(Given data):

=== Begin Enclosure ===

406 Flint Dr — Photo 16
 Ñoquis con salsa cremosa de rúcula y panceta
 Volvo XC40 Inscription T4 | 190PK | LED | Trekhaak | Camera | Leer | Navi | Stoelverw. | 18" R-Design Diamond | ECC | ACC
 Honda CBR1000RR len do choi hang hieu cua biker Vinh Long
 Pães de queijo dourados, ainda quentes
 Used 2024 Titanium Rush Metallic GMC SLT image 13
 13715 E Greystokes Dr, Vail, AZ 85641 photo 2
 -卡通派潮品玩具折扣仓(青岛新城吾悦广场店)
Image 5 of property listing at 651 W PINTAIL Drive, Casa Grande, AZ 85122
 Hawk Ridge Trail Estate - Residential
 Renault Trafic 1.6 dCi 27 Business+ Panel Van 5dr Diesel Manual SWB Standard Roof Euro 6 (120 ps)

=== End Enclosure ===

(What you will do): Could you copy out every record above exactly as it appears?

(Final answer):
406 Flint Dr — Photo 16
 Ñoquis con salsa cremosa de rúcula y panceta
 Volvo XC40 Inscription T4 | 190PK | LED | Trekhaak | Camera | Leer | Navi | Stoelverw. | 18" R-Design Diamond | ECC | ACC
 Honda CBR1000RR len do choi hang hieu cua biker Vinh Long
 Pães de queijo dourados, ainda quentes
 Used 2024 Titanium Rush Metallic GMC SLT image 13
 13715 E Greystokes Dr, Vail, AZ 85641 photo 2
 -卡通派潮品玩具折扣仓(青岛新城吾悦广场店)
Image 5 of property listing at 651 W PINTAIL Drive, Casa Grande, AZ 85122
 Hawk Ridge Trail Estate - Residential
 Renault Trafic 1.6 dCi 27 Business+ Panel Van 5dr Diesel Manual SWB Standard Roof Euro 6 (120 ps)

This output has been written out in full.